Data |
-------

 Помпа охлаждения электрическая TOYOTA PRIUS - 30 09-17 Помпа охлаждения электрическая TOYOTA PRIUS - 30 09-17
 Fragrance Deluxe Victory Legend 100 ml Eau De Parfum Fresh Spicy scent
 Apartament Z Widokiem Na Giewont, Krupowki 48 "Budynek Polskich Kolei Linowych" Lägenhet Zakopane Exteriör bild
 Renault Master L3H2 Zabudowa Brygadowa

-------

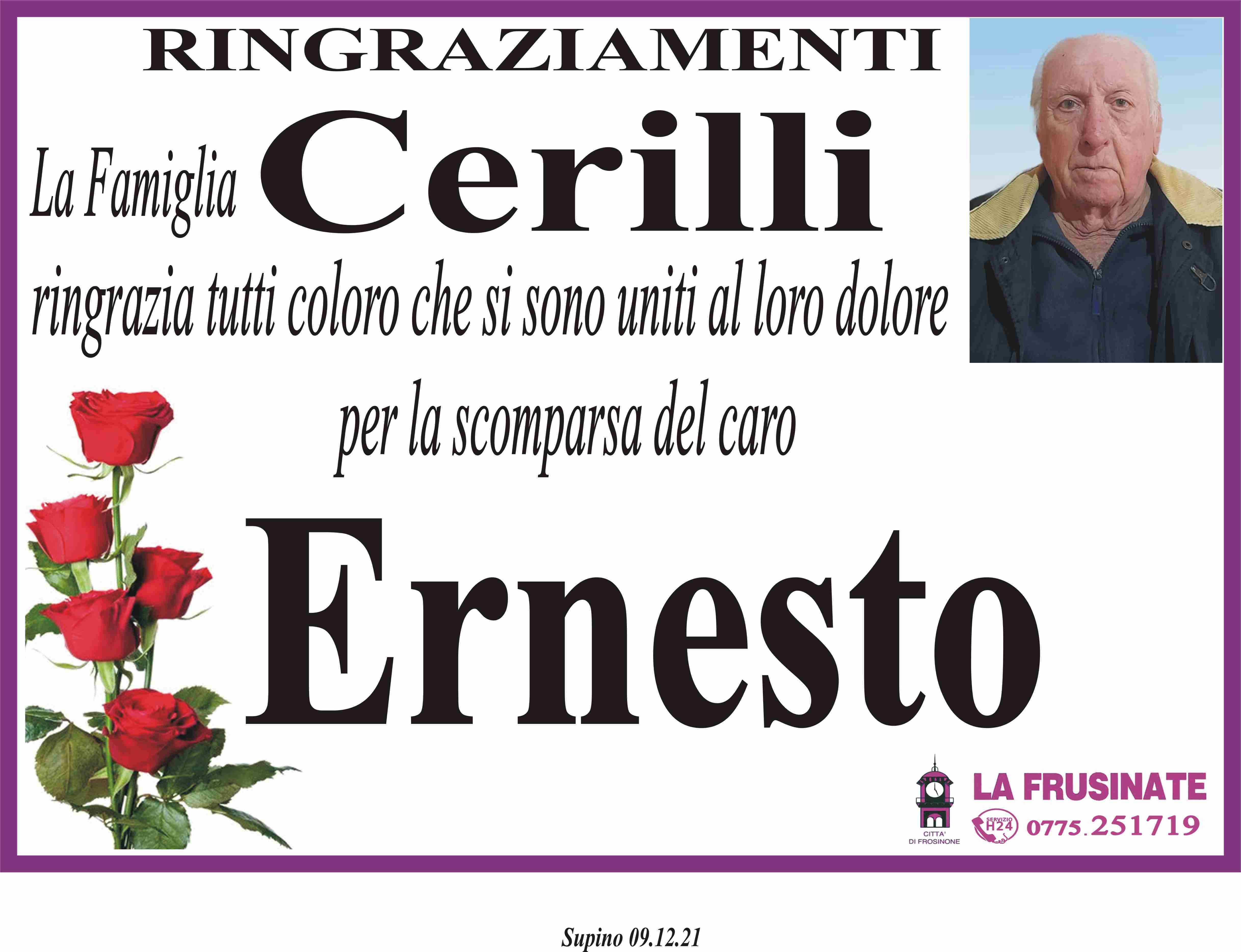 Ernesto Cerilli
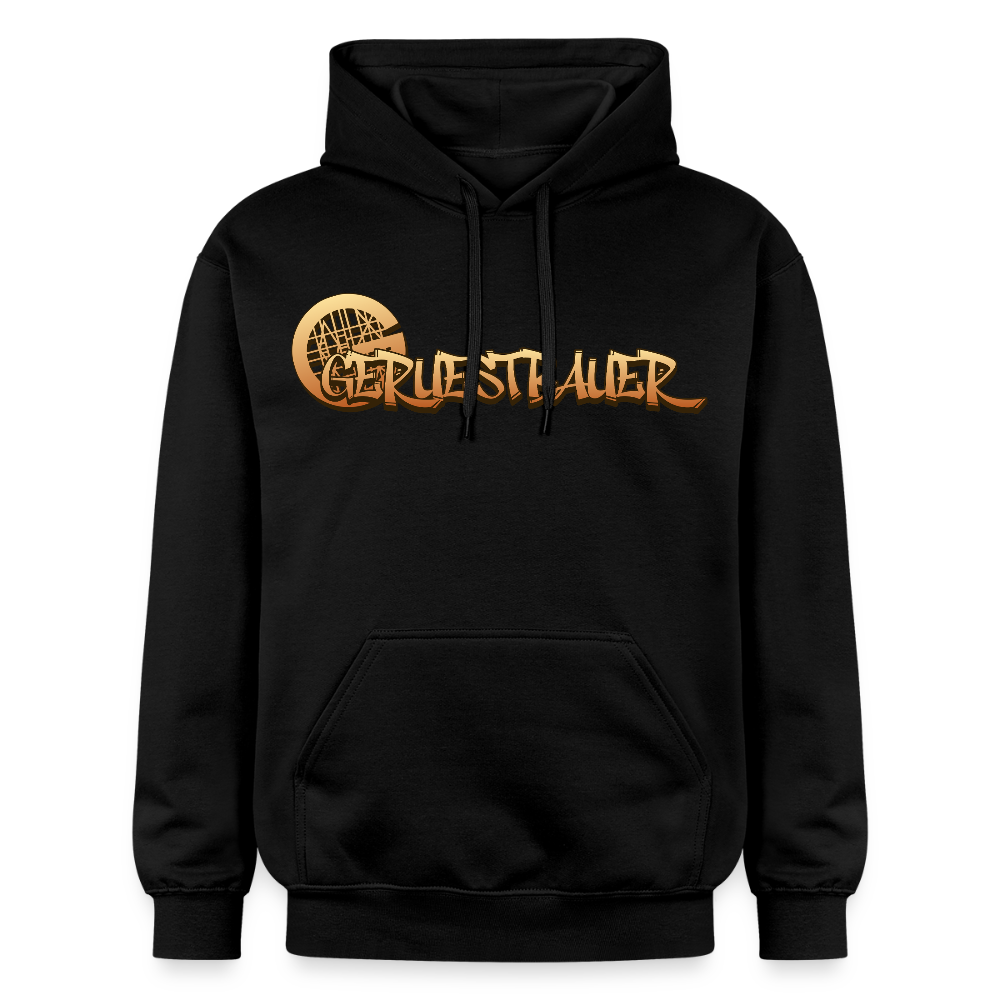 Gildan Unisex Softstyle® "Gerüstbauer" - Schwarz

-------

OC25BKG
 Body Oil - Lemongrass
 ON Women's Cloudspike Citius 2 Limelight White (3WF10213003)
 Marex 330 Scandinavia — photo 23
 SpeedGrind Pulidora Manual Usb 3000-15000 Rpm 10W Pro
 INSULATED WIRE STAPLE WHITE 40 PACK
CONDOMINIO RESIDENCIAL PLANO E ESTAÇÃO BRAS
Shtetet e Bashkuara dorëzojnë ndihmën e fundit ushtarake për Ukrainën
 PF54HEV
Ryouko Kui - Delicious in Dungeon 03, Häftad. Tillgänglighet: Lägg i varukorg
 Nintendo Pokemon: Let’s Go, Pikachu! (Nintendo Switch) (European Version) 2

-------

Directions for this task |
Please transcribe only the lines in the records above running from the line that has "SpeedGrind Pulidora Manual" through the line that has "Nintendo Pokemon: Let’s", both included, exactly as they appear.

Answer box |
 SpeedGrind Pulidora Manual Usb 3000-15000 Rpm 10W Pro
 INSULATED WIRE STAPLE WHITE 40 PACK
CONDOMINIO RESIDENCIAL PLANO E ESTAÇÃO BRAS
Shtetet e Bashkuara dorëzojnë ndihmën e fundit ushtarake për Ukrainën
 PF54HEV
Ryouko Kui - Delicious in Dungeon 03, Häftad. Tillgänglighet: Lägg i varukorg
 Nintendo Pokemon: Let’s Go, Pikachu! (Nintendo Switch) (European Version) 2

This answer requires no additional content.